L’italiano, però, ha reagito con carattere nel secondo parziale. Più aggressivo in risposta e più preciso con il dritto, Cobolli ha trovato il break decisivo e ha riportato il match in equilibrio sul 6-4.
Nel terzo set è stata l’esperienza di Zverev a fare la differenza. Il tedesco ha gestito meglio i momenti chiave, strappando il servizio all’avversario nel momento decisivo e chiudendo 6-4. Quando la partita sembrava indirizzata, Cobolli ha dato vita a una nuova grande rimonta, conquistando il quarto set al tie-break, in cui ha tenuto da parte l’emozione, ed è riuscito a portare la finale al quinto.

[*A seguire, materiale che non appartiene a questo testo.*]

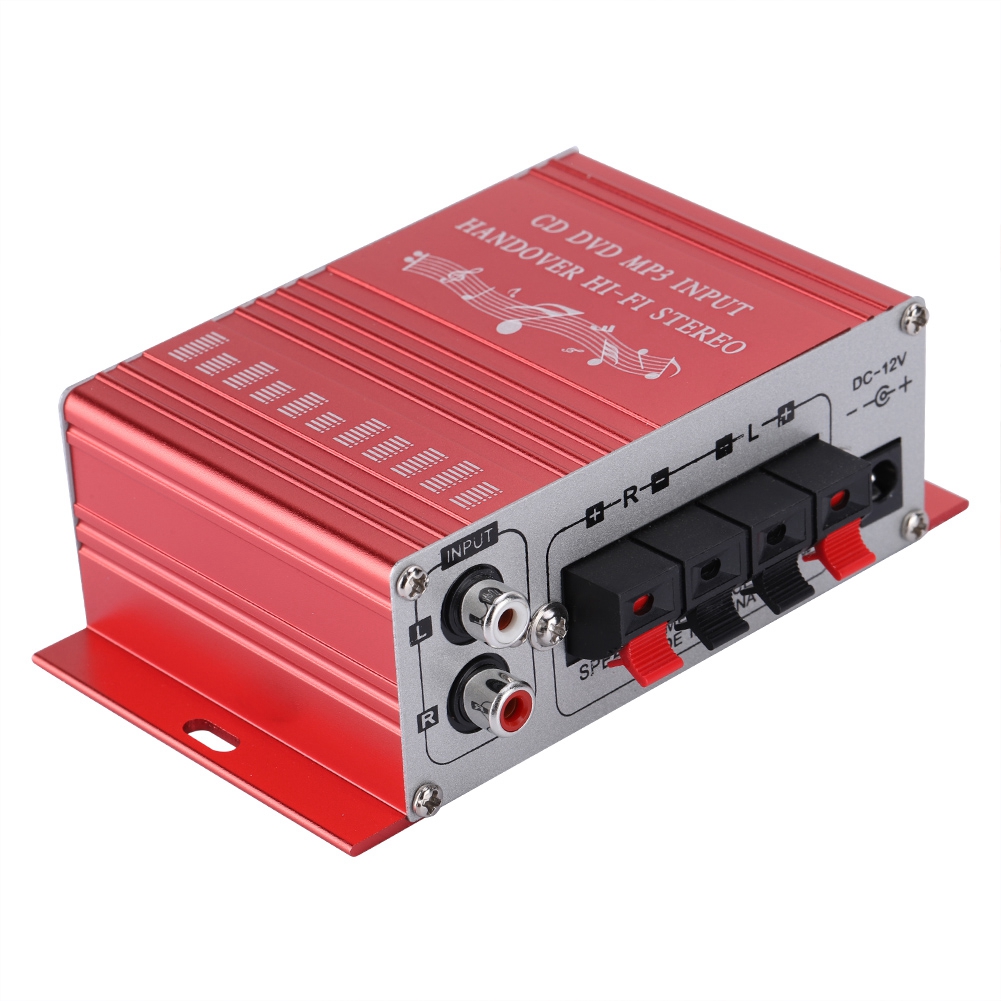Mini-digital-autoradioverstärker Mit Hi-fi-, Cd-, Dvd-, Mp3- Und Fm-player (rot)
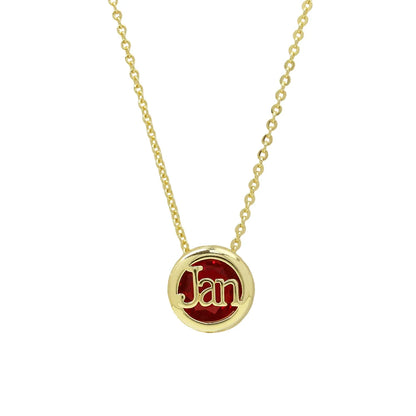 12 Birthstone Pendant Necklace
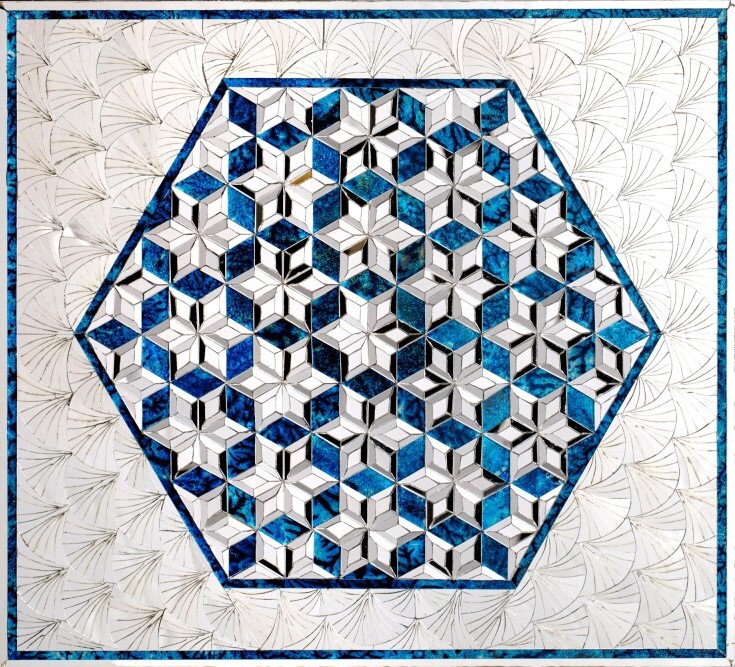 Monir Shahroudy Farmanfarmaian, Variation of Hexagon, 2013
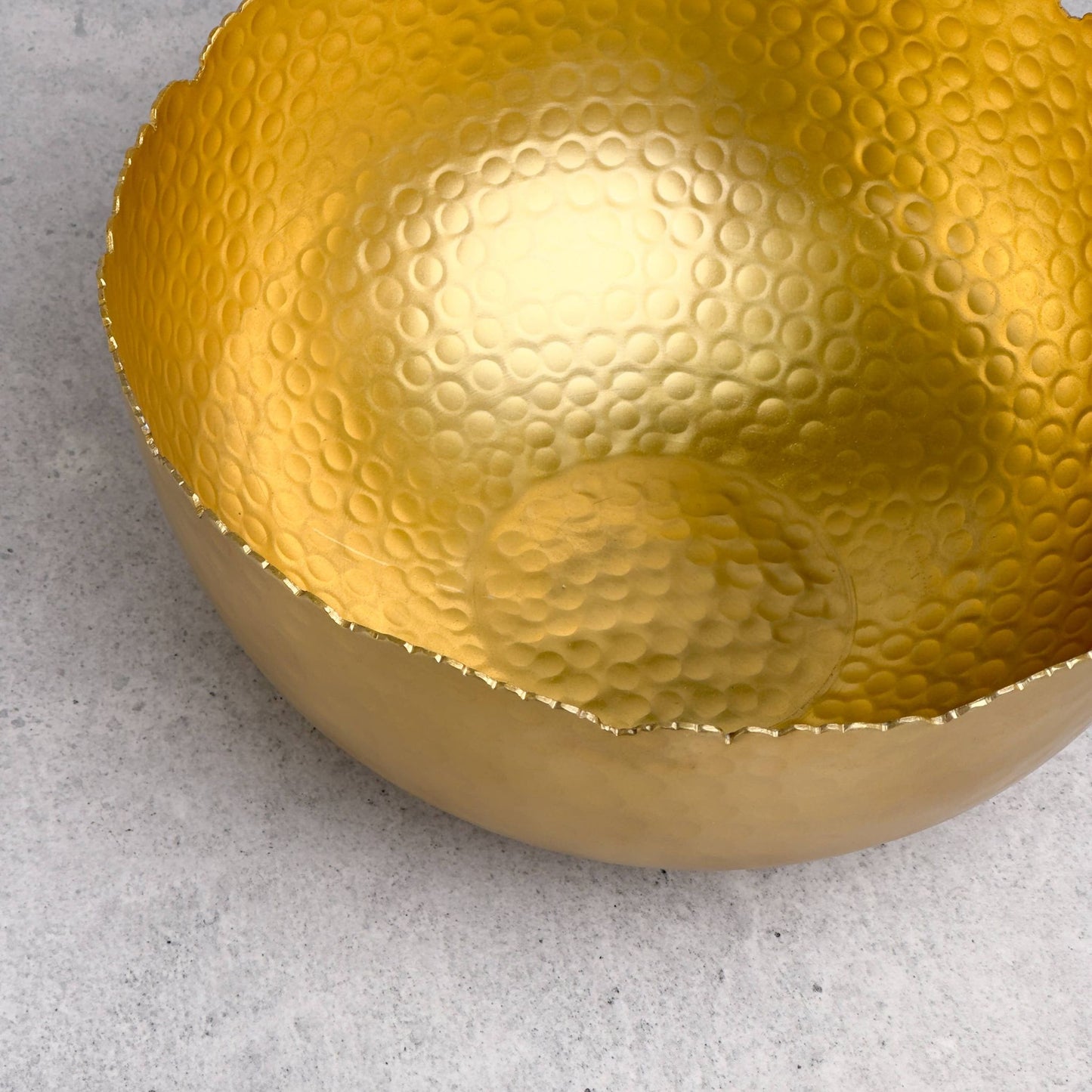 Gilded Hammered Bowl
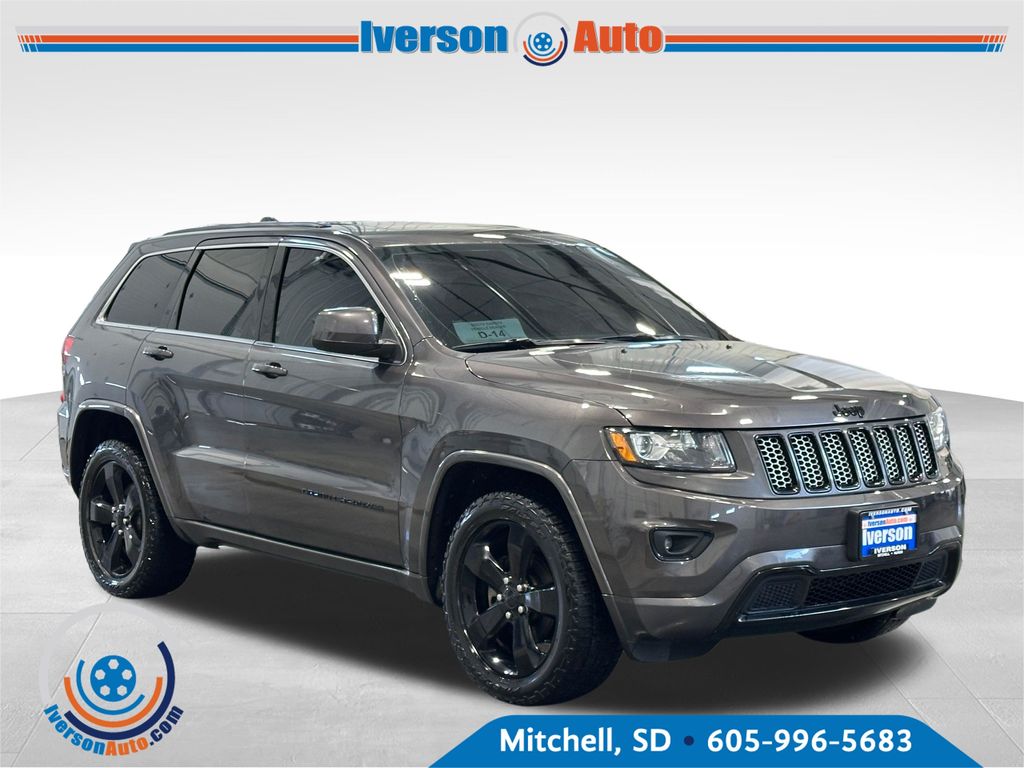 Gray (Granite Crystal Metallic Clearcoat) 2015 Jeep Grand Cherokee Altitude 4WD SUV / Crossover Four-Wheel Drive 8-Speed Automatic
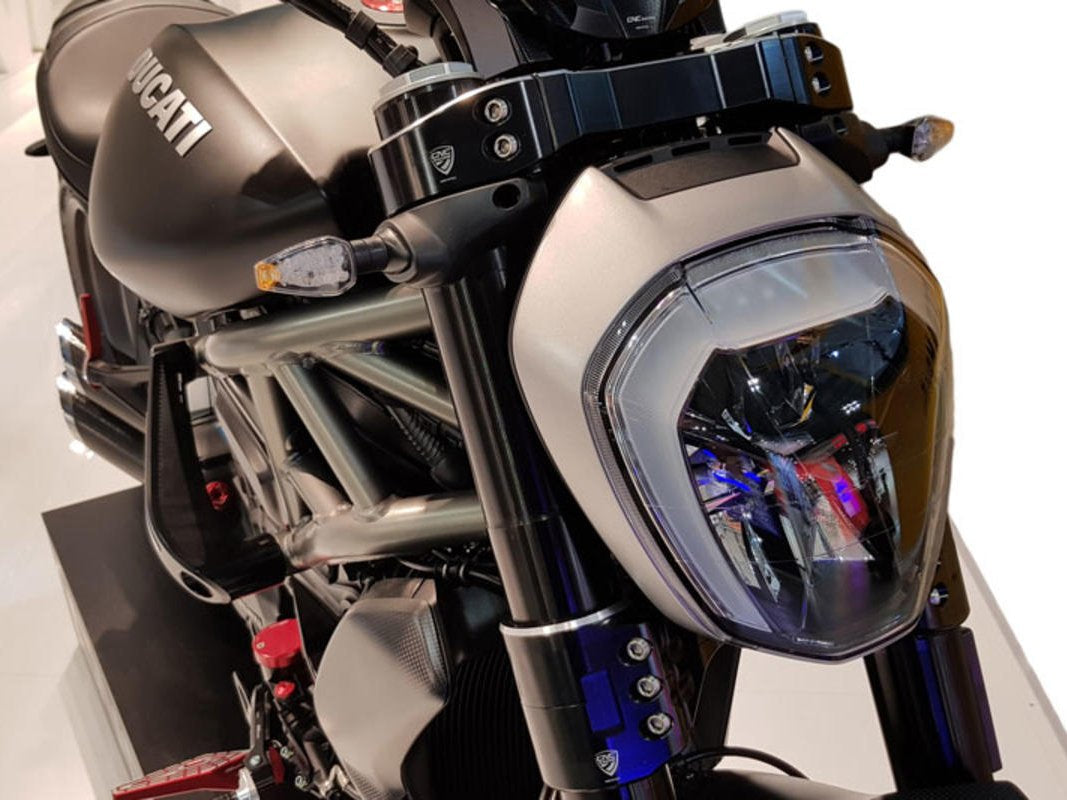 PST10S - CNC RACING Ducati XDiavel Triple Clamps Top Yoke – Accessories in the Factory Racing Motorcycle Aftermarket Accessories and Parts Online Shop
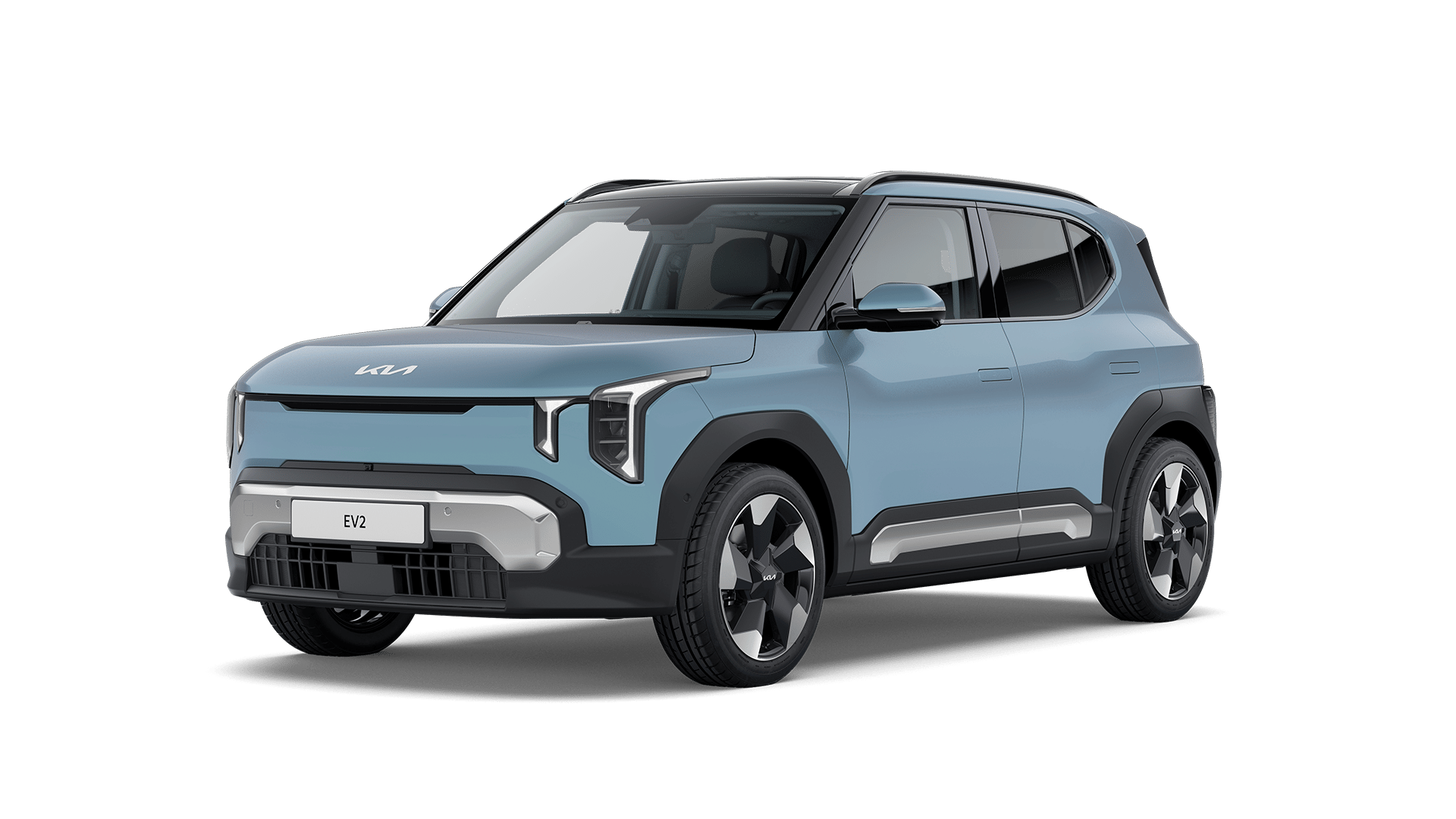 Kia EV2 Earth hellblau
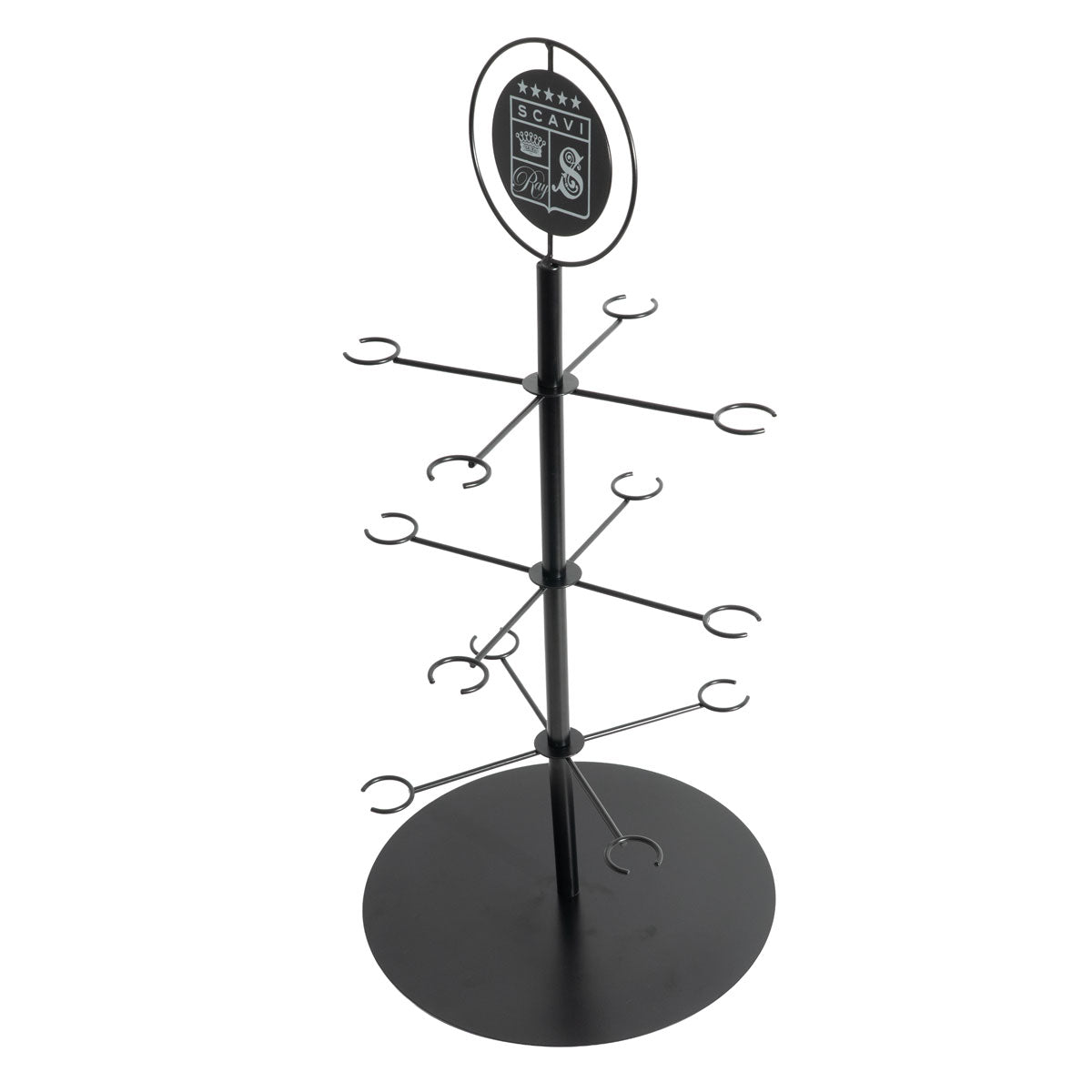 Scavi & Ray Bicchieri da spumante in legno nero 12 bicchieri con supporto Serving Tree – Vista 7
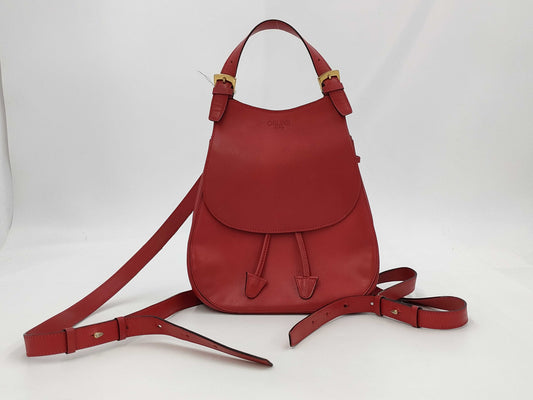CELINE Leather Backpack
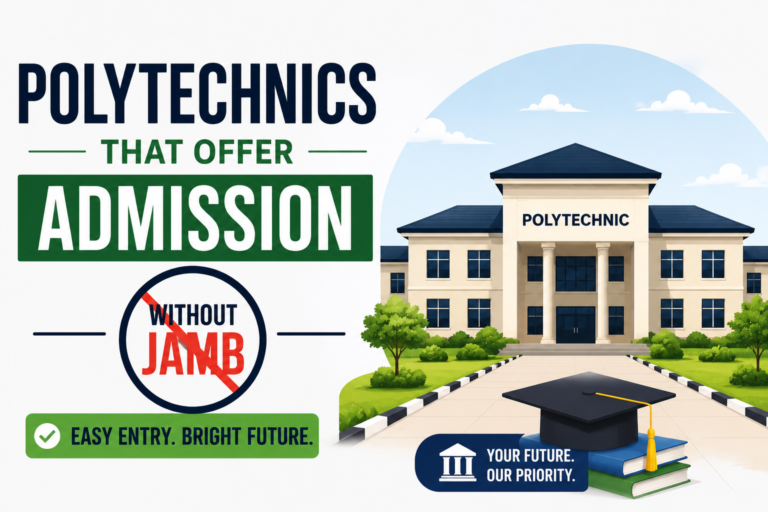 Polytechnics That Offer Admission Without JAMB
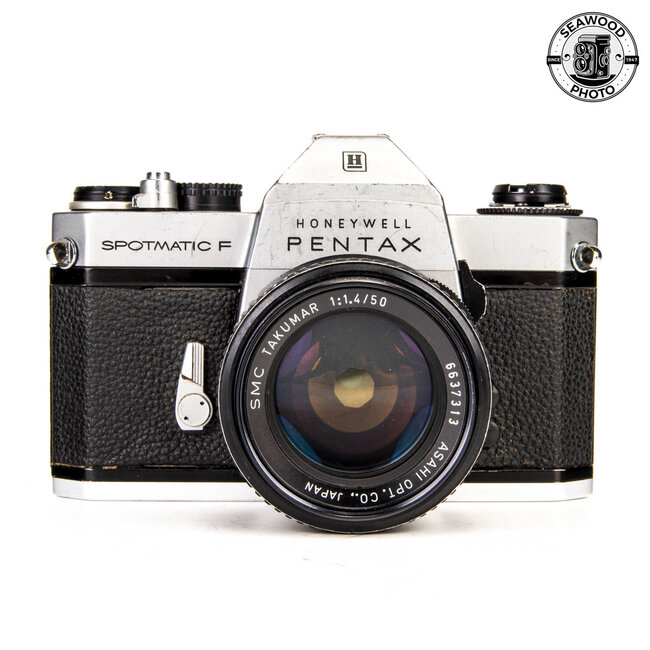 Pentax Spotmatic F 35mm SLR w/50mm f/1.4 FOR PARTS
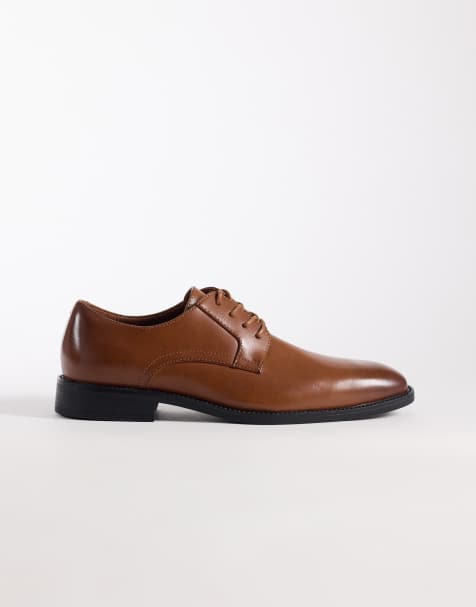 ASOS DESIGN derby shoes in tan - view 1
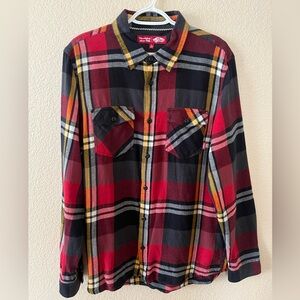 L/S Plaid Vans Flannel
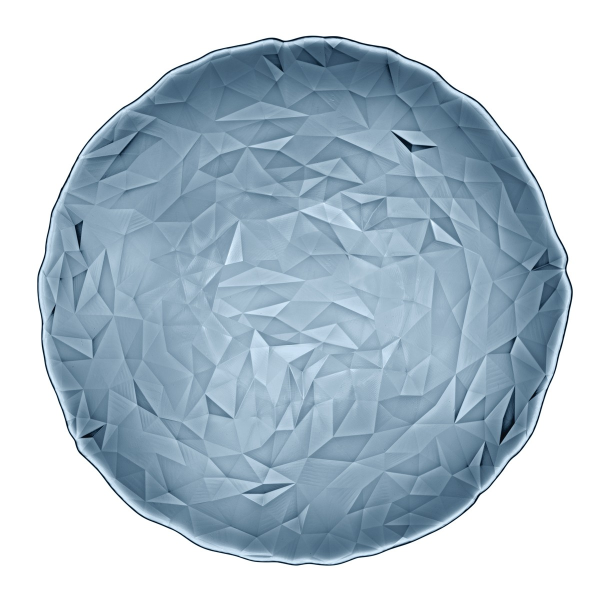 

Блюдо стеклянное DIAMOND синее 33 см 431260F26321990 BORMIOLI ROCCO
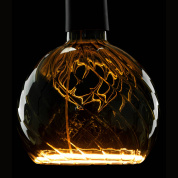 декоративная подвесная лампа с дымчатым стеклянным плафоном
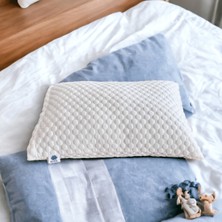Badel Tekstil Bebek Yastığı | Örme Kumaş, Beyaz, 35X45 cm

Nel set decisivo sono emerse la maggiore solidità fisica e mentale del numero tre al mondo: Zverev ha preso immediatamente il controllo degli scambi, ottenendo due break e chiudendo con un netto 6-1 che gli ha consegnato il trofeo parigino.
Per il tedesco si tratta di un successo storico: primo successo Slam dopo diverse finali perse negli anni precedenti. Un traguardo inseguito a lungo e finalmente raggiunto sulla terra rossa di Parigi.
Per Cobolli resta invece un torneo straordinario: il romano, protagonista del suo miglior risultato in carriera, lascia il Roland Garros con la consapevolezza di poter competere ai massimi livelli del tennis.
Il tennista classe 2002 è sicuro di un posto tra i primi 10 del ranking, posizione mai raggiunta prima. Risultato che certifica la crescita del tennis italiano, con le tante presenze nelle fasi finali e decisive dei tornei maggiori.